It is, according to my unique understandings of capitalism, because what the word "economics" actually implies is the management of large groups of persons. In earlier periods of history, under different forms of social organization, Europeans were not faced with this. There were different forms of social organization that  did not imply this kind of large-scale population management.
     I think this is true. I am simultaneously aware that the so-called "conservative" persons of the time would not have liked to admit this. Put more strongly: they couldn't. This is a little difficult to explain here, since there are a variety of ways of seeing the light on this topic, but at any rate the "conservative" philosophical tendency - simply put - could not admit to this or be witness publicly to this. So, the interesting thing is: that's the story of economics (the study thereof). They really needed a different version of the facts, and they set out to create one. This is how, over time -- i.e. until the present enlightened age -- the science of economics was "managed." This is a conflict concerning the actual nature of capitalism vs. what persons were able to admit.

Let's observe actual capitalists. Here, I mean the producers, no not the Broadway play that was so funny, nor the film that was made, but "the owners." This includes a large number of persons with conservative views of course. And of course you see them clearly maintaining a divide between themselves and their employees. After all, this ain't socialism. My Dad was like that, though, and he was a liberal, so forget about the "conservative" thing. This is a very common attitude, though, on the part of owners, i.e. the owners of the means of production.

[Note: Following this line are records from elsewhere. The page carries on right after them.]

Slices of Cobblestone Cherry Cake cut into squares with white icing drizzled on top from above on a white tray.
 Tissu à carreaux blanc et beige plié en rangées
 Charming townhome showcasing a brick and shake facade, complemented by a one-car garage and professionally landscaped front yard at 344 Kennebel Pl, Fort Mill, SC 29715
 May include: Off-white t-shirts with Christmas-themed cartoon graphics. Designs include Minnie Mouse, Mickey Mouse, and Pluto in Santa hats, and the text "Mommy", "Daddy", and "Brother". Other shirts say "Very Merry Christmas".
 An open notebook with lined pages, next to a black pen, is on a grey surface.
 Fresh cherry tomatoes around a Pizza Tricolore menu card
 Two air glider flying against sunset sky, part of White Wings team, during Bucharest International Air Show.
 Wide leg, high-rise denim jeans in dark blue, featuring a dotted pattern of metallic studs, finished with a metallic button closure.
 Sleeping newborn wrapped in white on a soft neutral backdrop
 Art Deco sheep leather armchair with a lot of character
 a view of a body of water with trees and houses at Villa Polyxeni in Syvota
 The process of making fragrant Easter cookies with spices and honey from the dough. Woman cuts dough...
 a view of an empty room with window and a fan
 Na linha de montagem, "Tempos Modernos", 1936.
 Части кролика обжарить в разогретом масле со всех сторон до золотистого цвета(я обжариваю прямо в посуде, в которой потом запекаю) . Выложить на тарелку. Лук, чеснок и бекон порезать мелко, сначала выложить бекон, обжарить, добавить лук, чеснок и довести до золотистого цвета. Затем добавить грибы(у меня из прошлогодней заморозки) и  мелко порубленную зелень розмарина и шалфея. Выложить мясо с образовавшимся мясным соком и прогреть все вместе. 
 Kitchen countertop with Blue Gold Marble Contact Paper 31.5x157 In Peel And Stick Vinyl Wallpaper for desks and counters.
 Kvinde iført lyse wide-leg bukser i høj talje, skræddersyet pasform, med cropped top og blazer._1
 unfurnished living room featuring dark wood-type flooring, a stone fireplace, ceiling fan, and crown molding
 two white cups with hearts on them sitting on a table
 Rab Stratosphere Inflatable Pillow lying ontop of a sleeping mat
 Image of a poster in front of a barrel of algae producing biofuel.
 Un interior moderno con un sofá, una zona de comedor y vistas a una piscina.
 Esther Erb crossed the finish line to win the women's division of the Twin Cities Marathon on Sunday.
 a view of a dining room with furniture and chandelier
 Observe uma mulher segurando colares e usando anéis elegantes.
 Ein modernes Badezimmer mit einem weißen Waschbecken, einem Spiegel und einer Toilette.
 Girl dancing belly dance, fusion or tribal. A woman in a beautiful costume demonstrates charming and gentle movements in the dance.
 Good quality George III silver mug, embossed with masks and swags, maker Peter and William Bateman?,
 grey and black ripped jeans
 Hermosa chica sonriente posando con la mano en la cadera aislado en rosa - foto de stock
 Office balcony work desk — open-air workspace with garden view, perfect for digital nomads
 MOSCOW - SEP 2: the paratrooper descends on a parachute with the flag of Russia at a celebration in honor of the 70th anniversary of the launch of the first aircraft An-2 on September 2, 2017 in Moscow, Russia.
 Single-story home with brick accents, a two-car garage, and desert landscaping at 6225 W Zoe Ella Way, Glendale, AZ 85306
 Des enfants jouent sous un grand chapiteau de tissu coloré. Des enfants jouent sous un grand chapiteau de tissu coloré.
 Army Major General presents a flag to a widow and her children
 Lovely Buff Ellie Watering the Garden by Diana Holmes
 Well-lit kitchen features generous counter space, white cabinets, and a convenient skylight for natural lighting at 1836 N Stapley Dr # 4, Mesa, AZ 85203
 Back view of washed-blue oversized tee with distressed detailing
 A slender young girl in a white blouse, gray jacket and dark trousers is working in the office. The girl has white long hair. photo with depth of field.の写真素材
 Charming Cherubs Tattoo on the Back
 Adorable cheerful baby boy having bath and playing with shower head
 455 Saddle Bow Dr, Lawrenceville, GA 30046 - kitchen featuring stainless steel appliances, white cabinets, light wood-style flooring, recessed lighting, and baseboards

But: the facts are different and capitalism begins creating a social unit -- society, nation, group -- that consists not just a small class at the top, appended to which is a large, unknown herd at the bottom. That doesn't exist. What the truth is is (how you do a "double is" without invoking a Egypt. goddess is Greek to me and really quite frustrating) that a new society is being formed. While the gulf between owners and workers in the work setting is pretty much inviolable, the persons doing the work are certainly not utterly removed from the society in general. There is a social unit that is being created. But that goes against the grain of what conservatives want to see, and while they have no power to change reality, they can and do change the way we think about it (ideology). As far as the actual (or material) society, as opposed to the society's superstructure ideology, this is a new, emerging society that contains, simply, all the members of the society (now bourgeois/capitalist). That kind of social cohesion is already occurring, under capitalism itself, so, my formulation: "capitalism is social."
    No surprise then, that capitalism makes its big move at just the same time that democracy does (as Jos. A. Schumpeter pointed out long time ago).

2 comments:

  1. If you want to find out how I linked to that cool I/O webpage then go back to the self-comment on the post linked below. As for the search terms: they were from I think something like the second sentence of my original writing on that post: "...candidates or their capabilities to govern well"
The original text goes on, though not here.